Nie im Elfenbeinturm verkrochen – Geigenvirtuose Itzhak Perlman wird 70

31. August 2015 - 08:30 Uhr

Berlin – Itzhak Perlman spielt seit mehr als 50 Jahren in Konzertsälen weltweit. Er ist in der "Sesamstraße" aufgetreten, hat Filmmusik aufgenommen und liebt Jazz und Klezmer. Der Geigenvirtuose aus Israel, der am (heutigen) Montag 70 Jahre alt wird, gilt als einer der berühmtesten Musiker überhaupt. Und er steht in einer Reihe mit Geigen-Größen wie Yehudi Menuhin und Jascha Heifetz.

Itzhak Perlman

Itzhak Perlman

Dabei schienen für Perlman die Hürden für eine Musikerkarriere zunächst kaum überwindbar. Der 1945 in Jaffa geborene Perlman erkrankte mit vier Jahren an Kinderlähmung. Seitdem ist er auf Gehhilfen angewiesen und kann nur im Sitzen spielen. Doch nach einer erfolgreichen Behandlung begann er in Israel mit der Ausbildung. Mit 13 Jahren zog er in die USA und studierte an der New Yorker Juilliard School mit den legendären Lehrern Ivan Galamian und Dorothy DeLay. Ein Auftritt in der TV-Show von Ed Sullivan machte ihn auf einen Schlag berühmt. Auf DeLays Betreiben, die den jungen Perlman nach Kräften förderte, gab er 1963 sein erstes Konzert in der Carnegie Hall. Mit Henryk Wieniawskis f-Moll-Konzert erntete er einen Riesenerfolg.

"Den Mut, mit dem er seine Behinderung annahm, ist unglaublich", schreibt Daniel Barenboim in dem Begleitheft, das nun zu den Einspielungen Perlmans für das Plattenlabel Warner Records zum Geburtstag erschienen ist. Mit dem Pianisten und Dirigenten, den Perlman aus Kinderjahren in Tel Aviv kannte, entstanden legendäre Aufnahmen, etwa die Brahms-Sonaten für Klavier und Violine und Beethovens Tripelkonzert.

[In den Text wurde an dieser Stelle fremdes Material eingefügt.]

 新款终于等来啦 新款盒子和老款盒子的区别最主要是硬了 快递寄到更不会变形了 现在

Federleicht erscheint Perlmans Spieltechnik. Der Geige könne Perlman jeden Klang entlocken, schwärmte 1982 ein Kritiker der "New York Times". Doch Perlman wolle sein Publikum nicht überwältigen, sondern sei ein "demokratischer Virtuose", "einer von uns".

Ob mit Pinchas Zukerman, Martha Argerich, Plácido Domingo oder Yo-Yo Ma – es gibt kaum einen berühmten Interpreten oder Dirigenten, mit dem Perlman nicht musiziert hätte. Und kaum ein großes Orchester, das ihn nicht engagierte – von den Wiener Philharmonikern bis zu den Berlinern, die er auch dirigierte. Dabei wurde er mit Preisen geradezu überhäuft – mit Grammys, Goldenen Schallplatten und Ehrendoktor-Würden.

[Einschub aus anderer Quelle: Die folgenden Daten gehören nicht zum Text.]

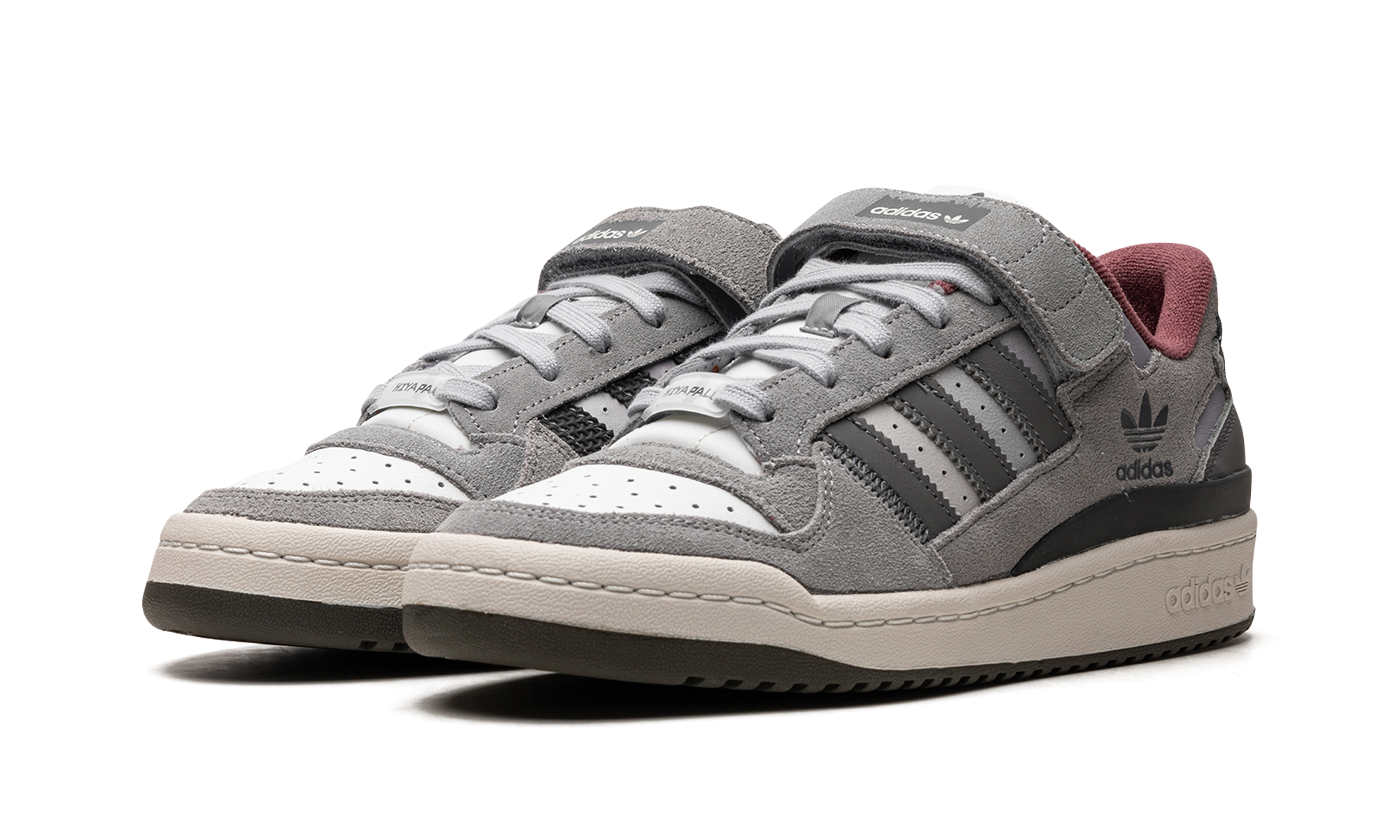 Adidas Forum 84 Low Home Alone 2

Perlman zählt zu den bekanntesten Musikern in den USA, auch, weil er etwa die Musik für Steven Spielbergs Film "Schindlers Liste" einspielte und regelmäßig Gast in TV-Shows ist. Perlmans Stellenwert im US-Kulturleben wurde mit dem Auftritt bei der Amtseinführung von US-Präsident Barack Obama im Januar 2009 vor dem Kongress in Washington deutlich.

Und sein Repertoire ist geradezu überbordend. Ob Vivaldis "Vier Jahreszeiten", die Konzerte von Mendelssohn, Bruch, Sibelius oder Brahms, Kammermusik und Paganinis Variationen – Perlman hat sie mit seiner Stradivari-Geige von 1714 alle gespielt und oft auch mehrfach aufgenommen. Auch wenn er in den letzten Jahren eher ins Seichte abrutschte, wie der "Spiegel" naserümpfend anmerkte – er ist immer ein Geigenzauberer geblieben. Perlman hat sich dabei nie in den Elfenbeinturm verkrochen. Geigen-Aficionados können sich auf YouTube bei ihm Tipps holen – in Videos wie etwa "Itzhak über das Vibrato".